According to researchers at Unit 42, the initial malicious Docker image has been downloaded more than 10,000 times. Administrators can spot infections by looking for the presence of an image called gakeaws/nginx in the image build history. The hackers gained a foothold through unsecured Docker daemons, where a Docker image containing a Docker client tool used to communicate with other Docker hosts. This allowed the hackers access without any authentication or authorization.

Once the malicious Docker container is up and running, it downloads four different scripts and a list of vulnerable and infected hosts from one of its 15 C2 servers. It randomly picks three targets, installing the worm on the first target, stopping the miner installed on a second infected host, and starting the miner on a third, also already-infected, target. This procedure leads to a very random mining behavior since the malicious container does not start immediately. Essentially, the miner on every infected host is randomly controlled by all other infected hosts.

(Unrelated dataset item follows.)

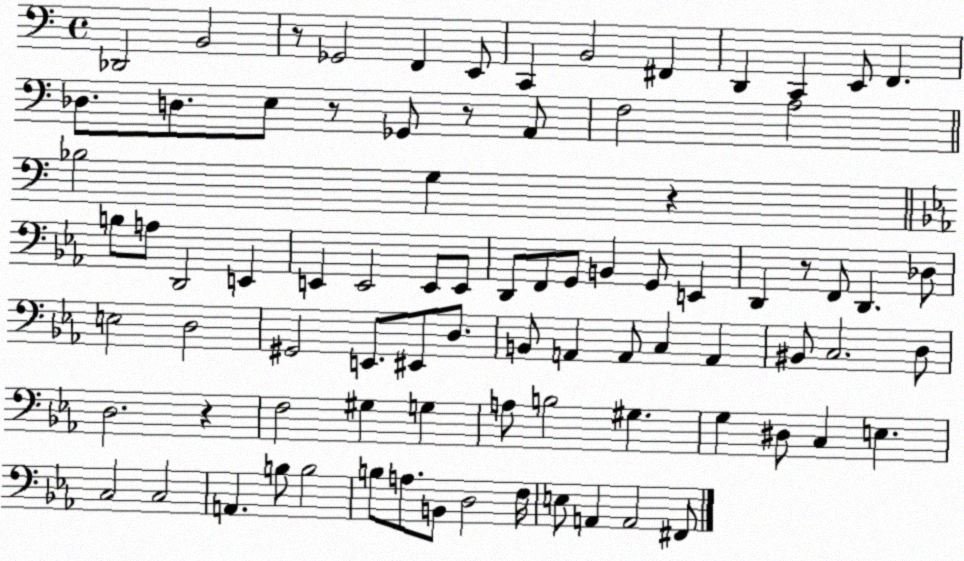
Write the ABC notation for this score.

In a simulation using a potential victim pool of 2,000, researchers found that the worm can reach 70 percent of them in about an hour. Each miner is active 63 percent of the time and each mining period lasts for 250 seconds in the simulation. Researchers showed that there are an average of 900 active miners at any time in a compromised cluster of 1,400 hosts.

Container technologies like Docker are targets for hackers since traditional security tools don't look inside to look for malicious code. Also, they can often be left unsecured and open to the internet. According to researchers, most containers ( including Kubernetes and Mesos ) suffer from poorly configured resources, lack of credentials and the use of non-secure protocols. As a result, hackers can remotely access the infrastructure to install, remove or encrypt any application that the company is running in the cloud. Securing your containers is important, but this type of attacks demonstrates that you can’t ignore the infrastructure supporting those containers either.